Au contraire d’autres compétitions sportives comme le football, il n’était pas nécessaire de se préoccuper du sport même pour apprécier la signification politique sous-jacente des JO. Tout l’exercice semblait politique.

Toutefois, la politique des JO ne ressemble pas à la politique de tous les jours. En effet, elle traite de quelque chose de bien plus profond, qui a trait à l’identité, la culture, les luttes nationales de libération, l’égalité, la race et, oui, la liberté.  

Avant la première participation olympique de la Palestine, en 1996, avec un seul athlète, Majed Abu Marahi, nous applaudissions – et nous le faisons toujours – à tous les pays qui semblaient transmettre nos expériences collectives ou partager une partie de notre histoire.

Dans notre camp de réfugiés de Gaza, dans une petite pièce de séjour souvent surchauffée et modestement meublée, ma famille, nos amis et nos voisins se réunissaient autour d’un petit téléviseur en noir et blanc.

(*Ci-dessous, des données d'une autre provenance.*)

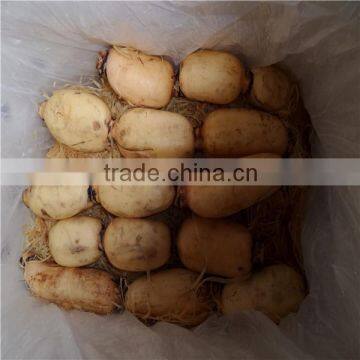 Fresh Lotus root for export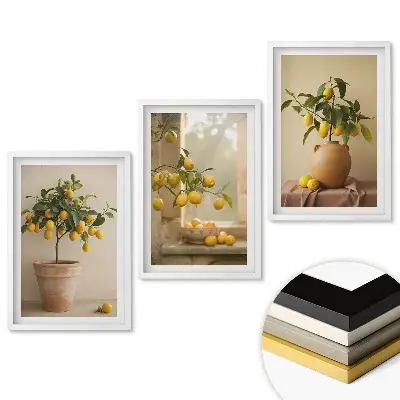 Set 3 tablouri pentru living Farmecul citricelor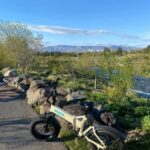 Reykjavík by the Shore, Coast, City & Hidden Trails by eBike - Practical Details and Tips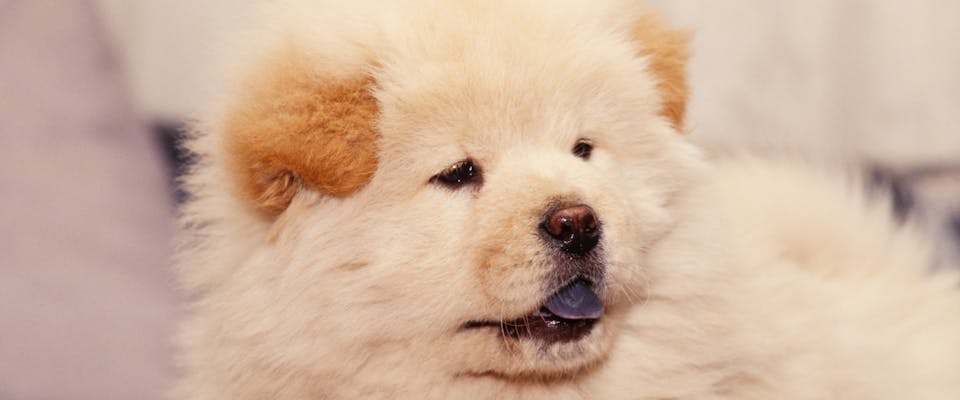 a light coated chow chow puppy looking to the left of the camera with its blue, black tongue sticking out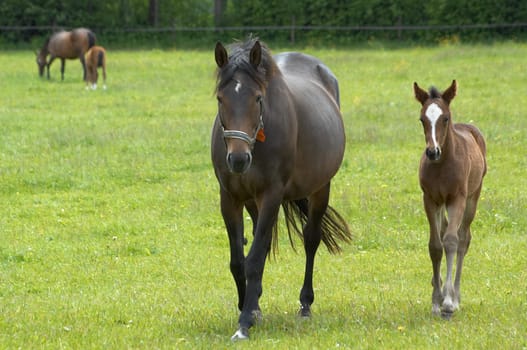 Mare with foal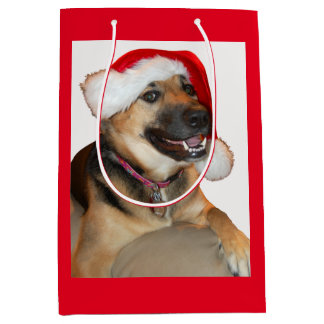 Deutscher Schäferhund mit einem Weihnachtshut Mittlere Geschenktüte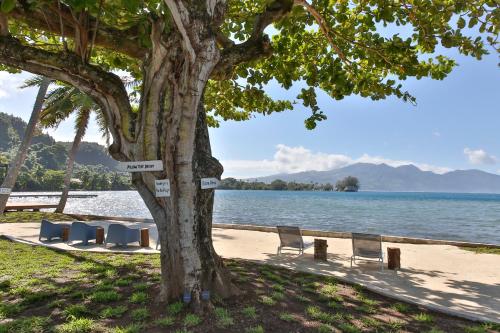 a tree sitting next to a beach with chairs at Sublime Tahiti Beach Retreat in Mataiea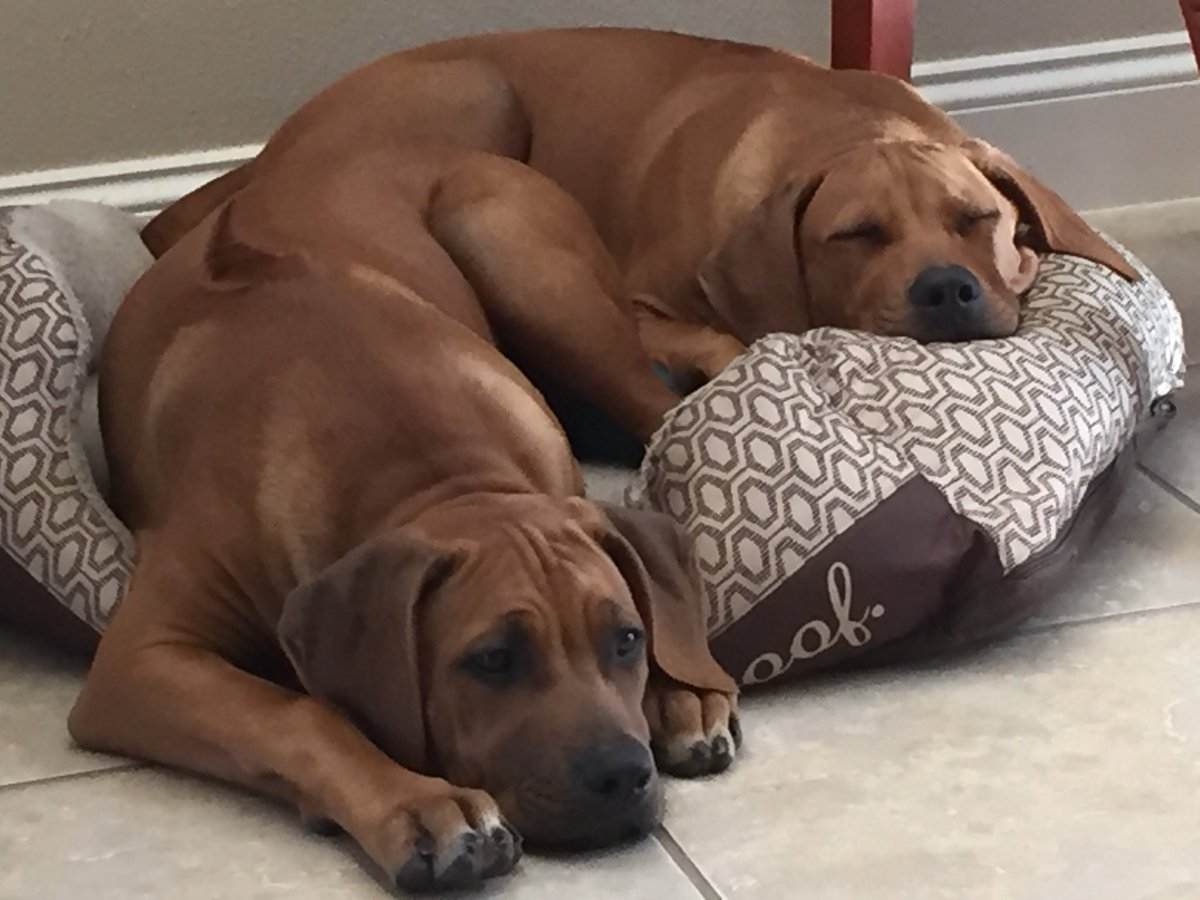cc11houston's tweet photo. @Ridgebacks_ https://t.co/w3EykcrfSQ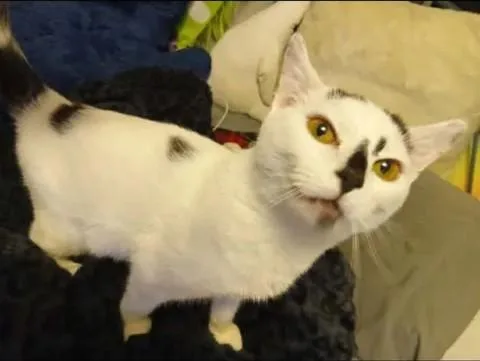 A young medium-sized male Black & White / Tuxedo Domestic Short Hair cat named Pistachio for adoption in Stuart, VA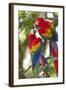 Scarlet Macaws, Costa Rica-null-Framed Photographic Print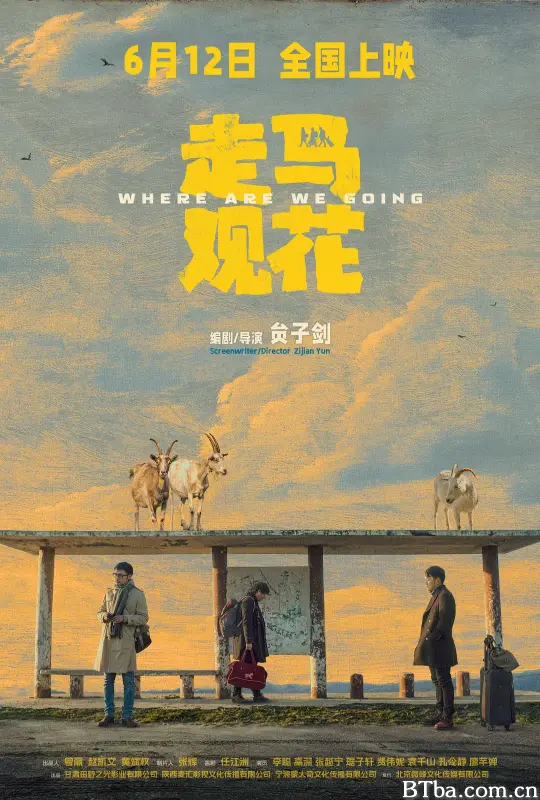 走马观花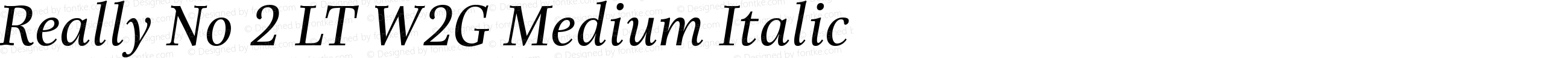 Really No 2 LT W2G Medium Italic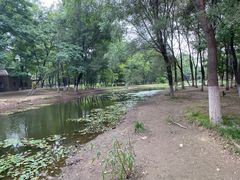 -长白岛森林公园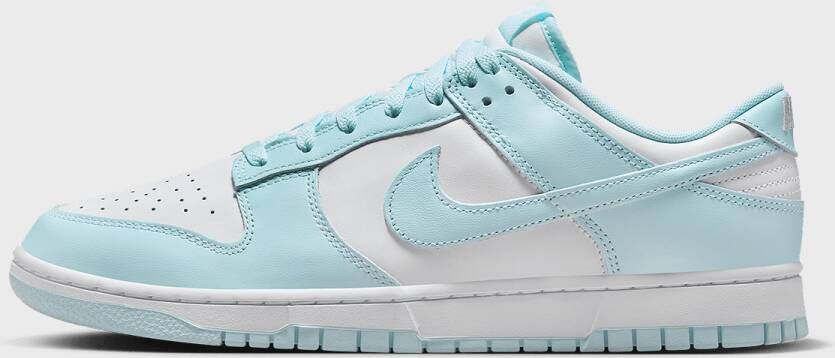 Nike Dunk Low Retro in Turkoois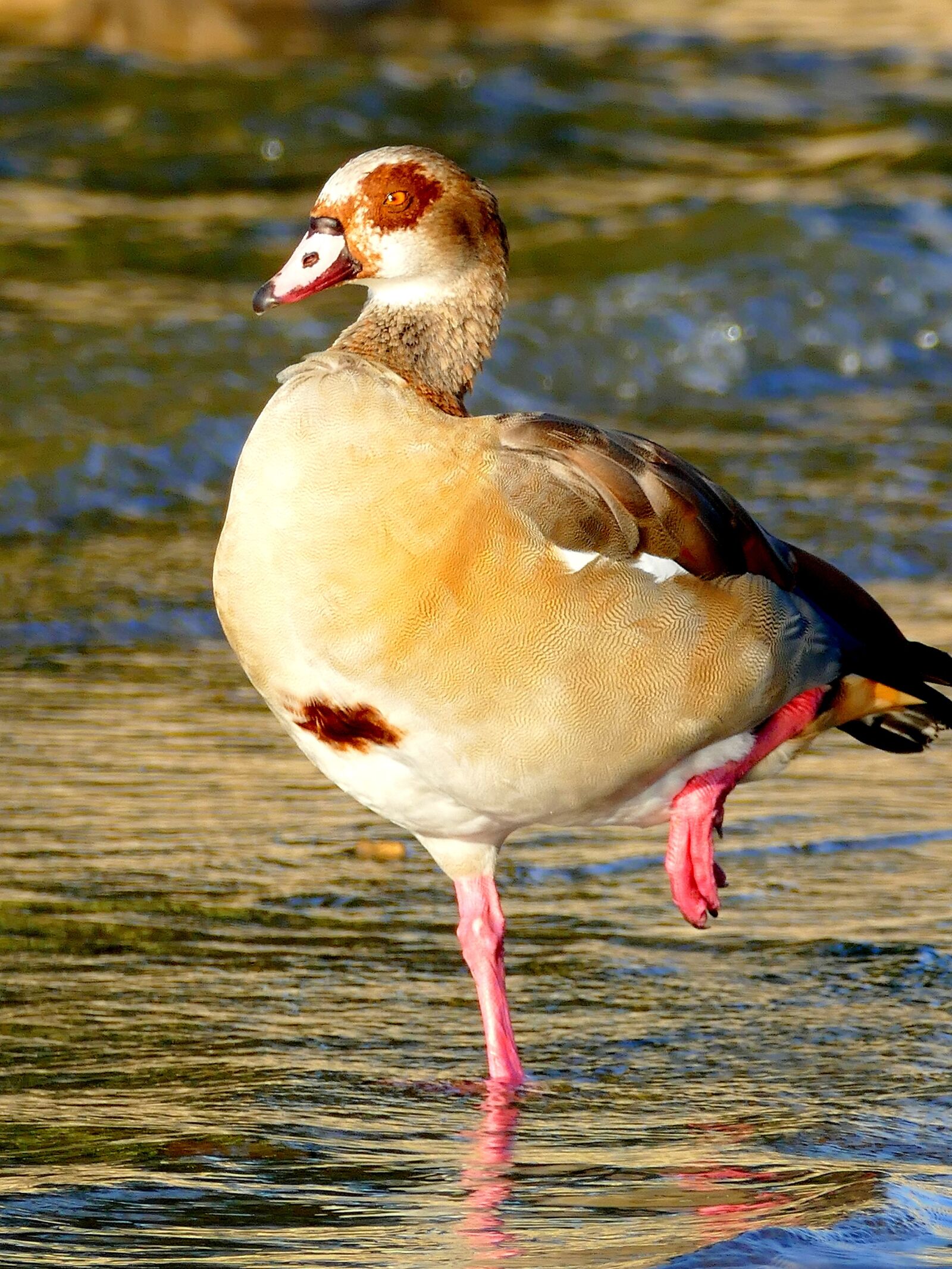 Panasonic Lumix DMC-FZ1000 sample photo. Goose, bird, water bird photography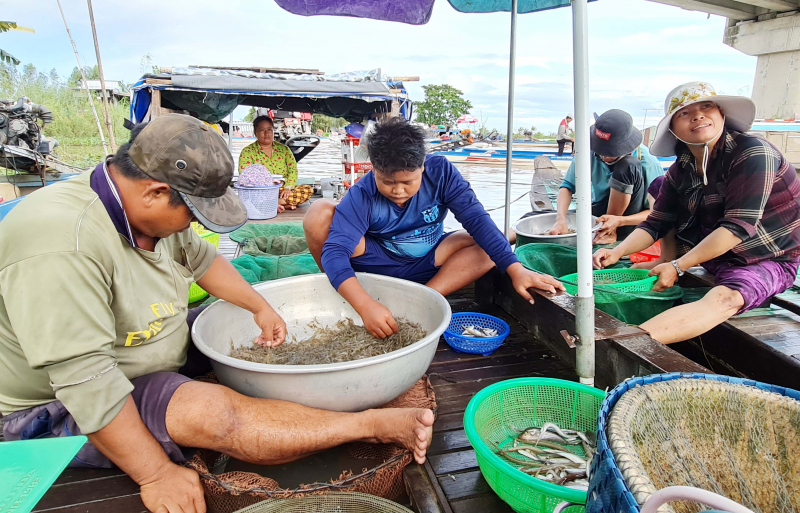 Cùng ngư dân đầu nguồn ra đồng dỡ dớn mang ra chợ cá Kinh Ruột bán -0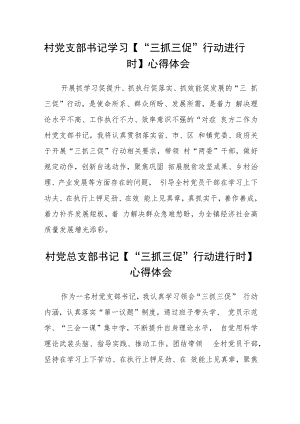 村党支部书记学习【“三抓三促”行动进行时】心得体会合篇【三篇】.docx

Pour nous, la cérémonie d’ouverture était toujours d’une importance capitale. Bien que souvent la caméra ne consacre que quelques secondes à chaque délégation, ces quelques secondes étaient tout ce dont nous avions besoin pour exprimer nos positions politiques sur chaque pays représenté. Il n’était pas surprenant, dès lors, que nous applaudissions à tous les pays africains et arabes, sautions de joie quand les Cubains apparaissaient et conspuions ceux qui avaient contribué à l’occupation militaire de notre patrie par Israël.

Imaginez le chaos qui régnait dans notre pièce de séjour quand tout un petit groupe de personnes y allaient de commentaires bruyants et rapides sur chaque pays, en expliquant tous en même temps pourquoi il nous fallait applaudir ou huer :

« Les Cubains aiment la Palestine », « L’Afrique du Sud est le pays de Mandela », « Les Français ont donné des avions de combat Mirage à Israël », « Les Américains sont partiaux en faveur d’Israël », « Le président de tel ou tel pays a déclaré que les Palestiniens méritaient la liberté », « Le Kenya lui aussi a été occupé par les Britanniques », etc.

Le jugement n’était pas toujours facile puisque, parfois, personne d’entre nous n’était capable de fournir une déclaration concluante afin d’expliquer pourquoi nous aurions dû applaudir ou siffler. Par exemple, un pays africain qui avait normalisé ses relations avec Israël nous aurait mis à l’arrêt : nous haïssions son gouvernement mais nous aimions son peuple. De nombreux dilemmes moraux de ce genre restaient souvent sans réponse.

Ces dilemmes existaient même avant ma naissance. La précédente génération de Palestiniens était elle aussi aux prises avec ce genre de dilemmes pressants. Par exemple, quand les athlètes afro-américains Tommie Smith et John Carlos levèrent le poing lors de la cérémonie de remise des médailles aux JO d’octobre 1968 à Mexico, cela aussi doit avoir été une question philosophique à laquelle les résidents de mon camp de réfugiés ont eu du mal à répondre sans hésiter. D’une part, nous haïssions le rôle historiquement dévastateur joué – et c’est toujours le cas de nos jours – par les États-Unis en armant, finançant et soutenant politiquement Israël. Sans ce soutien, il aurait été impossible à Israël de maintenir en place, tout en en profitant, son actuel système d’occupation militaire et d’apartheid. D’autre part, nous soutenions, et nous continuons à le faire, les Afro-Américains dans leur combat légitime pour l’égalité et la justice. Dans ces situations, la solution est souvent que nous devrions soutenir les sportifs tout en rejetant les pays qu’ils représentent.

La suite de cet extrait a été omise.